Jack, being the concerned and loving husband that he was, continued walking as though nothing had happened. Lisa picked herself up, brushed the concrete bits from her face, and finished crossing the street. From that day on, Lisa was always aware of her surroundings, especially on the ground. So, when something sparkly caught her eye, she gave it her full attention so as not to trip on it. She scooped it up and put it in her pocket.
“I’ll ask mom if she thinks it’s worth anything,” she said to herself. Her mother’s neighbor was a jeweler who worked out of the house. If her mom didn’t know, she could ask her neighbor. Lisa dropped off the brooch the next weekend when she went to visit her parents. She forgot about it until her mother called her a week later.

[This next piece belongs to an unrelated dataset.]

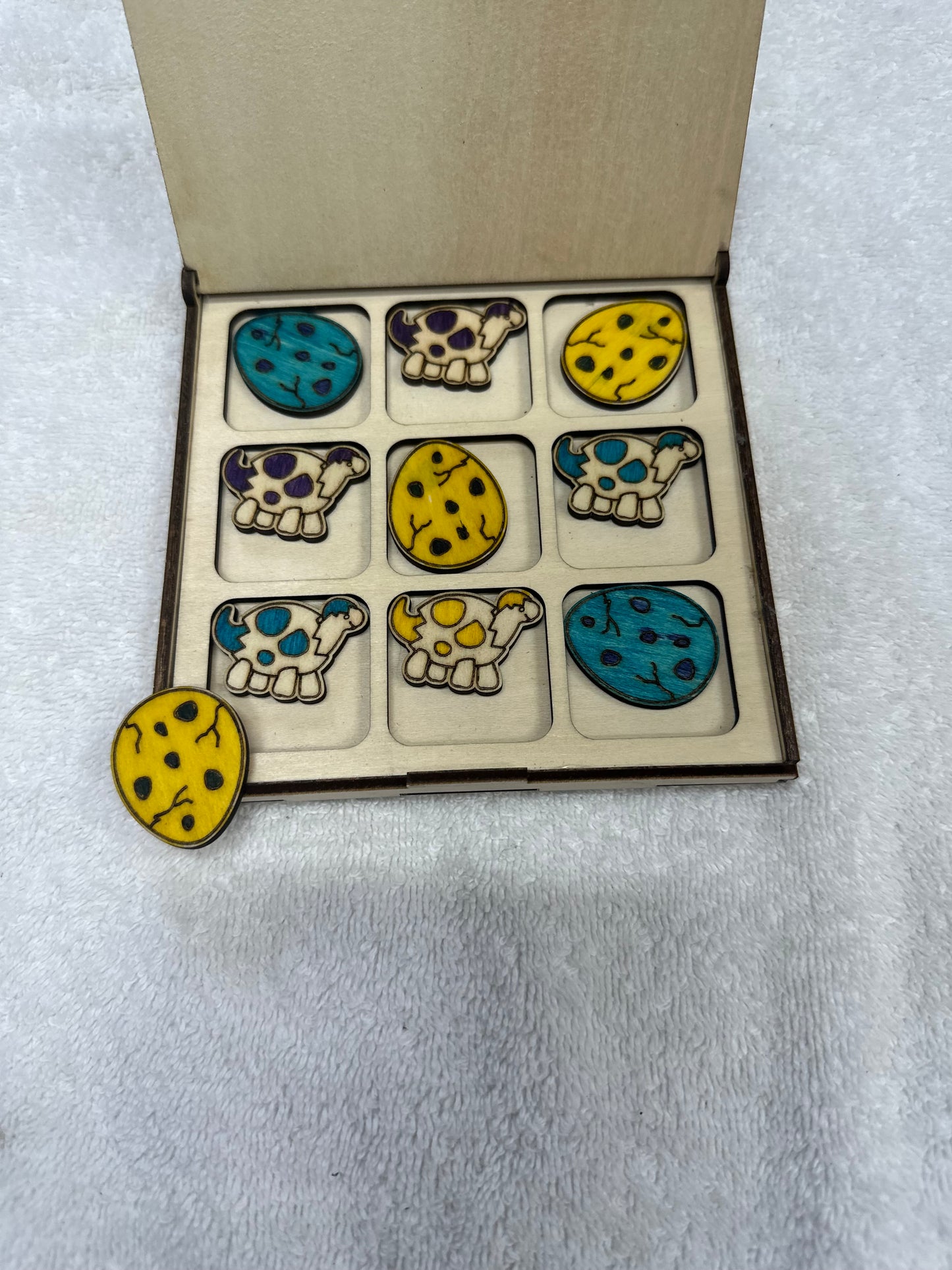Dinosaur Tic Tac Toe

Now, something that expensive made Lisa very uncomfortable. When she was three years old, Lisa was playing with her mother’s wedding ring (a family heirloom) in the front yard. She came into the house later without the ring and her mother asked her about it. Being only three, Lisa, had no idea where the ring was. Mom walked outside and began to scour the front yard. She found nothing, but did notice some workers cementing a fence between the houses.
“No, she couldn’t have dropped it over there…” her mother thought and then sighed in despair. The ring was gone, never to be seen again. Lisa had been reminded of this event many times as she was growing up. She felt horrible about it, but reminded herself that she was only three years old at the time and shouldn’t be held responsible for the loss.
On another occasion, Lisa had accidently thrown out the anniversary ring given to her by Jack. After the two of them climbed into the apartment dumpster and looked in every nook and cranny, between every piece of paper, and inside anything that could open and close, they sadly agreed that it was gone, never to be seen again.
Lisa thought that she might be able to finally redeem herself for her childhood mistake, by giving this gem to her mom. She secretly spoke to her dad about having something made using the stones. The next door neighbor, the jeweler, could make the piece. Dad and Lisa decided on a custom gold band ring, with the big stone in it. The jeweler shaped the top of the ring into a “V” and the stone was placed at the bottom of the “V”. It was a very unique design and Lisa hoped that her mom would like it. Her mom loved it! Lisa felt relieved that her mother liked the ring, and for the first time in her life, she felt that she had made up, in a sense, for the loss of the family ring so many years ago.
Today, the ring sits in a bank deposit box and is safe from anyone, three years to 63 years old, who could accidently throw it out, or drop it into a cement fence being built between houses.
This is a true story. The names have been changed to protect the stupid and the innocent.